Christine de Mazières : Le CSPLA a demandé à Me Martin de rédiger une note dans un laps de temps très court, car l'urgence était déclarée sur cette procédure législative. Cet avis souligne les risques découlant des incertitudes d’interprétation du projet de texte et conclut qu’une réflexion plus approfondie paraît nécessaire. Cette notion est très intéressante, intellectuellement, pour éviter par exemple des réappropriations abusives du domaine public, mais il faut que nous ayons le temps de l'évaluer consciencieusement pour éviter des dommages collatéraux.
Christine de Mazières : Actuellement, c'est une faculté laissée aux chercheurs de publier leurs articles sur un répertoire ouvert et gratuit.

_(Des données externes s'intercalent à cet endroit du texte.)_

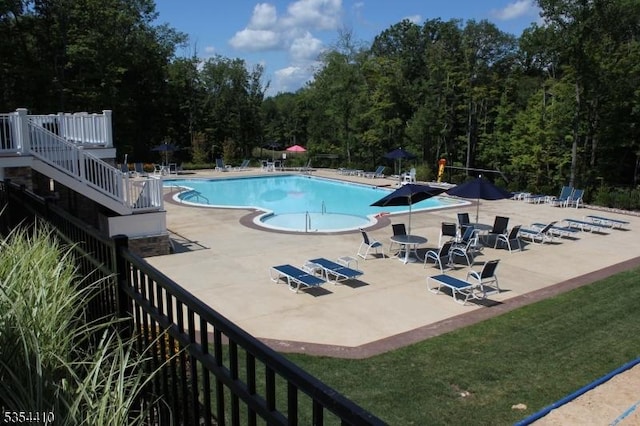 community pool featuring a patio and stairs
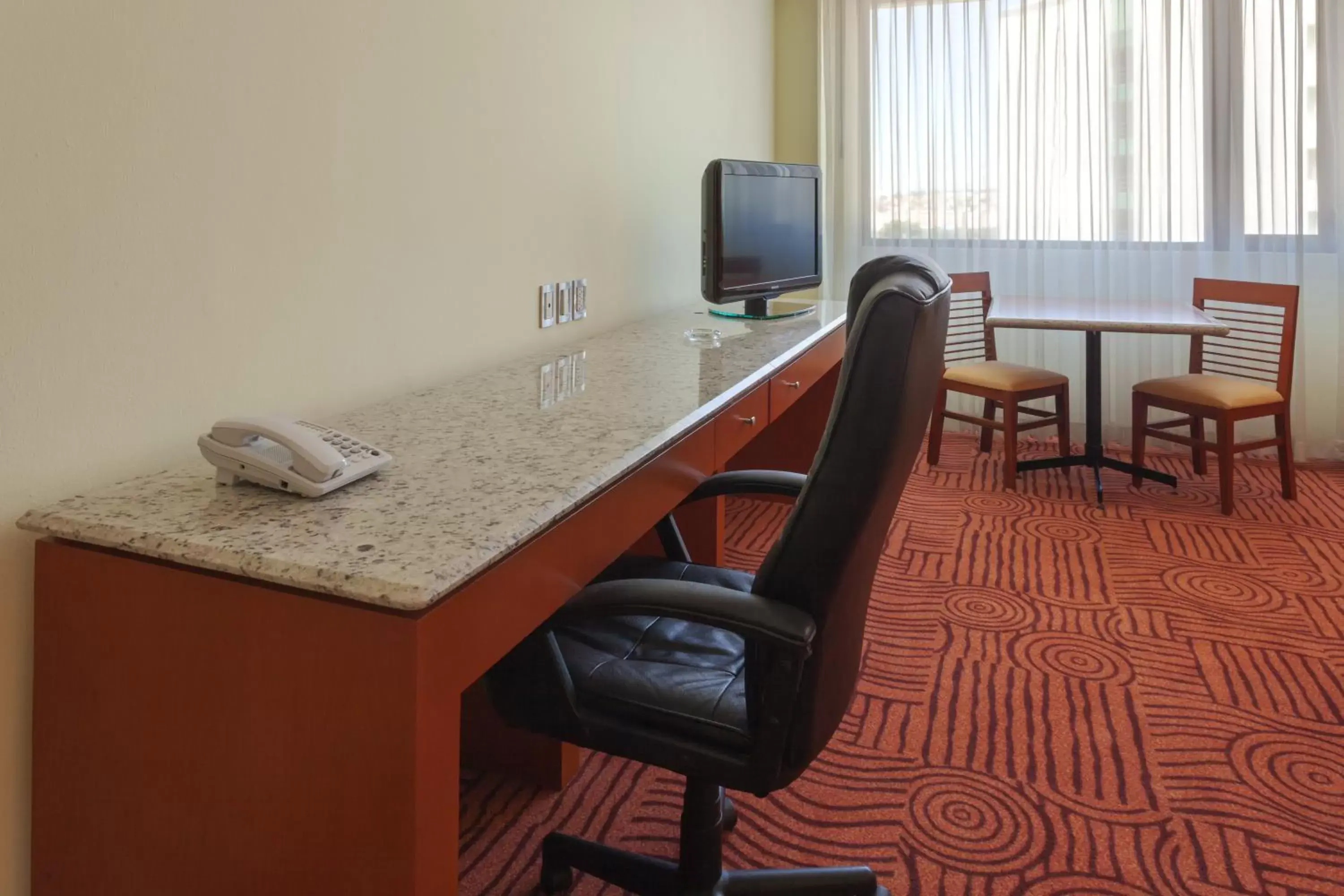 Photo of the whole room, TV/Entertainment Center in Holiday Inn Puebla Finsa, an IHG Hotel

Mais un certain nombre d'institutions de recherche ont réclamé, dans le cadre de la consultation Lemaire, que ce soit rendu obligatoire. On est à peu près sûrs que cela risque de devenir obligatoire, et cela signerait la mort de l'édition scientifique privée indépendante.

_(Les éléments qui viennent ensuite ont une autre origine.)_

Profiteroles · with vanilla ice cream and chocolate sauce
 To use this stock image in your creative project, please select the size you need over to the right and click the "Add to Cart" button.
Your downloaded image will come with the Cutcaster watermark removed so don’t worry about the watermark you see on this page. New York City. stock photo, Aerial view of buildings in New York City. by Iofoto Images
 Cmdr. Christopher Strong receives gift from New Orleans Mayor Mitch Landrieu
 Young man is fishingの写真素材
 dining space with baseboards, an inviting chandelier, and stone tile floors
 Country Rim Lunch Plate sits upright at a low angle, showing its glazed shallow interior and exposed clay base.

Dans le projet de loi publié en septembre, les délais avant la publication d'un article en open access étaient de 12 mois pour les sciences exactes et 23 pour les sciences humaines et sociales. Le 5 novembre, après la consultation, Axelle Lemaire a annoncé un nouveau texte, qui a fait passer d'un coup les délais respectifs à 6 et 12 mois, sans aucune explication autre qu'une recommandation de l'Union européenne qui date de 2012 et qui n'est basée sur aucune évaluation. Elle n'a d'ailleurs été suivie par aucun État en Europe. Anglais, Allemands et Italiens, qui ont travaillé sur la question de l'open access, ont fait des études d'impact, et n'ont pas choisi ces délais, car ils mettent les revues scientifiques en danger. Une étude du cabinet indépendant Idate, commandée par la plateforme CAIRN, conclut d'ailleurs que ces délais mettent en péril l'équilibre économique des revues de sciences humaines.
(SLUB Dresden, CC BY 2.0)
Christine de Mazières : Si au bout de quelques mois après la production, la validation et la publication d'un article scientifique, son accès devient gratuit, beaucoup de bibliothèques universitaires et de centres de recherche se désabonneront et attendront la fin du délai pour consulter les articles en open access. C'est la raison pour laquelle nous réclamons des études d'impact, pour chaque discipline scientifique : ainsi, en mathématiques, la validité d'un article est très longue, quand en biologie, au contraire, elle est très courte. L'open access existe déjà et a été mis en place par certains acteurs : chez CAIRN, le délai moyen est de 40 mois, à peu près 3 ans, avant le passage en open access.
Vincent Montagne : Il faut aussi comprendre qu'un article intéressant, une fois passé en accès ouvert, sera directement republié dans une revue anglophone, par exemple, mais sous une forme payante. En ouvrant les vannes de l'open access, on accélérera encore la mondialisation de l'anglais à partir des chercheurs que nous finançons en France. Les laboratoires qui financent les revues scientifiques vont peu à peu se désintéresser des revues françaises.
Christine de Mazières : En sciences exactes, il n'y a déjà plus que trois éditeurs qui publient en français : Lavoisier, EDP Sciences et John Libbey. Les chercheurs français ont déjà du mal à se faire publier. Une sorte de marginalisation est en cours, et si on accélère la concentration, ce qui est contraire à ce que réclament les chercheurs, cela posera un problème sérieux quant aux débouchés de la recherche française.